T he narrative offers us more than its fair share of suspense. Switching the airplanes over the Sahara in order to highjack the landing slot at the Heathrow and the pandemonium that follows when a jumbo full of terrorists has landed there. Readers will be shocked with the realistic description of the blast of a tactical nuke in the heart of Westminster with the purpose to render all electronic equipment in Whitehall useless. The climax is however, when in the last seconds of the story, the already mentioned Mani climbs the London Eye to make it possible for a colonel of the Chinese Army to disarm the ten-megaton fission device that has been perched on top of the Ferris wheel and guarded by a suicidal fanatic.
The action unfurls in more than thirty different locations worldwide. From Cyprus to Urumqui in Western China; from Windsor Castle to backs-of-beyond of the Sahara. From Krasnoyarsk in Siberia to the mountains of Austrian Tyrol; from the White House to a village in the forest belt of West Africa. Consequently the novel abounds not only in nail-biting situations and occasional fits of hilarity but as well with breath-taking descriptions of such exotic places like Djenum Thelerteba in the Hoggar Mountains or Idhan Murzuk, an enormous see of sand between Libya and Niger.
Basically, Harampasha is an explosive thriller. However, it is rife with socio-psychological deliberations and offers a down-to-earth analysis of the feeling of righteousness, of commercial and non-commercial exploitation of human spiritual needs and ultimately, of blind bigotry, terror and terrorism.

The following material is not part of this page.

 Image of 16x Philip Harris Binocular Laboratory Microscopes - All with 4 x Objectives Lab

The book is equipped with the Glossary of Arabic and other uncommon words.
London Gatwick Airport
(5.23 p.m. local time)
Everything was ready for the landing exercise. The sharp boys from the Air Traffic Control had been following the Blackjack on their radar screens for the past thirty-five minutes and now they had established visual contact. The supersonic bomber appeared like a black dot in the western sky.
Following precisely the instructions from the Gatwick tower the Tupolev had made a big loop to avoid the contaminated area along the Thames and over Greater London. It had darted into the British airspace fifty-five thousand feet above the Median Line, some sixty miles east of Great Yarmouth, at the precipitous speed of Mach two. There it had begun to reduce speed and height. In two minutes and even before they had reached the English coastline its speed fell to only Mach one. It had flown over Cambridge at thirty thousand feet and continued in the same south-western direction. Ten minutes later, twenty thousand feet over Oxford it had gone subsonic and changed its course to dead south. It had continued to drop speed and height rapidly. Somewhere over the rolling landscape of Hampshire it made its final turn and got aligned with the runway at Gatwick.

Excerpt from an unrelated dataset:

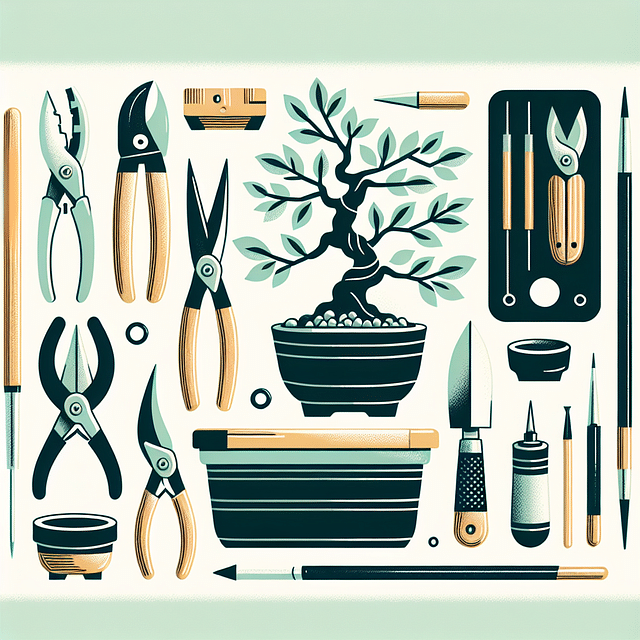 Bonsai pruning tools arranged neatly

With its nose slightly up and with its wings in landing position the supersonic bomber touched down. The drizzle had stopped some time earlier but the runway was still wet. A cloud of water drops billowed in its wake. A swarm of technical support vehicles sped along and a similar multitude of army vehicles were gathering at the spot where the Tupolev would come to its halt.

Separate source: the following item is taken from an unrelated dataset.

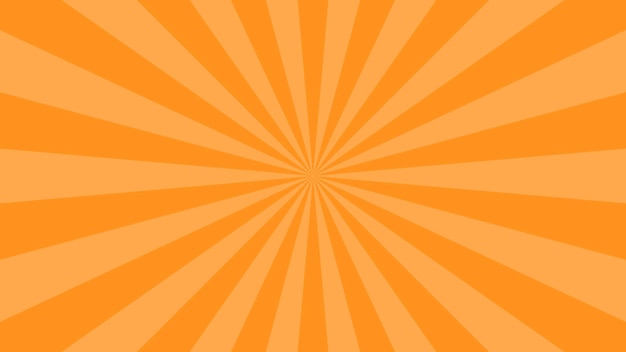 Fondo vectorial de efecto de ráfaga de luz naranja plana simple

Colonel Yak Ko Yak was the last to leave the bomber. He was confused and highly embarrassed for appearing clumsy in that funny pressure suit. But as soon as he got into the hands of the British soldiers they forced him into yet another even clumsier and more uncomfortable NBC suit with gasmask, thick rubber gloves and funny oversized boots.
‘Do you speak English?’ A high-ranking officer of the welcoming party asked him.
‘I do,’ he mumbled through the valves of his gasmask.
‘Follow me. We are on stand by. Still waiting for orders to move.’ The high-ranking officer took the Chinese colonel to one of the helicopters and made him comfortable in the canvas seat next to the door. Waiting was always the worst part of a soldier’s duty.